A. My background is in investigations. I spent several years working as a private detective serving the defense and insurance industries in combating insurance fraud. I came to Lake County in a similar role: investigating claims, employment issues, and assisting in the defense of civil litigation. After a few months and some great successes, I was promoted to risk manager. There aren’t too many kids walking around saying, “I want to be a risk manager when I grow up.” It’s one of those fields that people typically stumble into one way or another. But once here, most of us find the work challenging, interesting, and rewarding.
Q. What is your day-to-day life like as a risk manager?
A. I am very hands-on with the various county departments, A good portion of my time is also spent overseeing the operations of the in-house claims department as well as meeting with the Civil Division of the State’s Attorney’s Office, the county’s statutory counsel, to discuss strategies for our litigated files. I routinely report to the county board on matters of pending litigation and provide insurance and budgetary updates. I also spend time on strategic policy development, crisis management, and life safety programs.

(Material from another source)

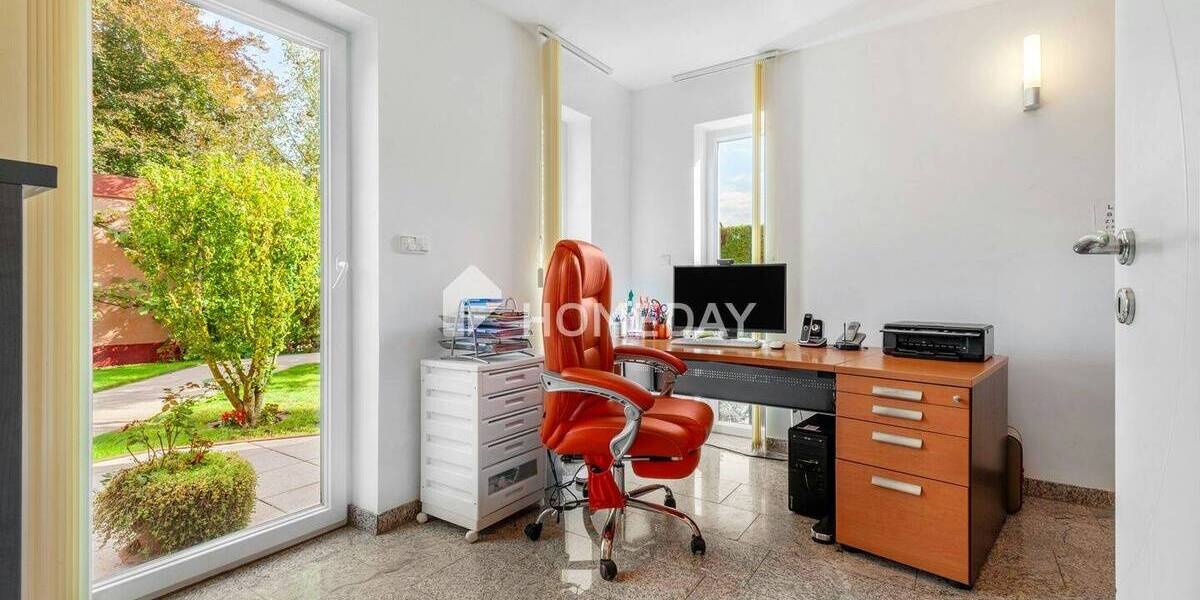 Repräsentatives Haus für Familie & Business: separater Office-Bereich, Sauna, A+ 7 zimmer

Q. What is your overall approach to risk management?
A. I work with elected officials, where relationships based on trust are paramount to effective collaboration. When I first came to Lake County, I gained this trust by spending a good deal of time learning all of our operations. I toured the water treatment plants, spent time in our nursing home and health clinics, shadowed our corrections officers, rode along with our work trucks, and even put my hard hat on to hang out with our construction division on active building projects. By understanding the various departments’ missions, I have been able to partner with them on developing effective loss prevention programs to reduce our claims drivers without negatively impacting their civil service goals and obligations.
Q. What risk-related challenges are unique to the public sector?
A. The public sector typically handles those things that the private sector cannot. We don’t have the option of using risk-avoidance techniques for our highest exposures. The government has an obligation to provide policing, probation, corrections, roads, sewage management, and certain types of healthcare to the community regardless of the risk. In addition, taking the profit margin out of the equation makes public sector risk management unique. However, in Lake County we provide these services in an efficient and responsible manner that protects the financial resources and assets of our stakeholders: the taxpayers.
Q. What has been your biggest risk-related success?
A. Partnering with our service area departments to help them understand the impact of workplace safety and the true costs associated with their claims. I hold risk reviews with our departments to keep them in the loop with regard to losses, trends, and the total cost of their risks. We then jointly develop risk reduction and prevention plans to gain improvements. By creating a culture of partnership, teamwork, and accountability, we have reduced our workplace injuries by almost 40 percent in five years.
Q. How are claims handled?
A. Lake County is self-administered, so our in-house claims office has two full-time dedicated adjusters and several support positions, including case managers, analysts, and administrative support. We handle all lines of claims, which are quite diverse given the operations of a municipal government.
Q. Have you encountered any interesting or unique claims?
A. Public entities across the country engaged in law enforcement duties are faced with the relatively new issues of DNA exoneration cases and the associated civil rights litigation dealing with allegations of wrongful prosecution and false arrest. There are also emerging challenges to the broad immunities historically granted to those in law enforcement roles. Not only are the underlying cases fascinating and often the subject of national news attention, but also the associated coverage claims that result from these complex matters are changing the landscape of law enforcement liability in the insurance world.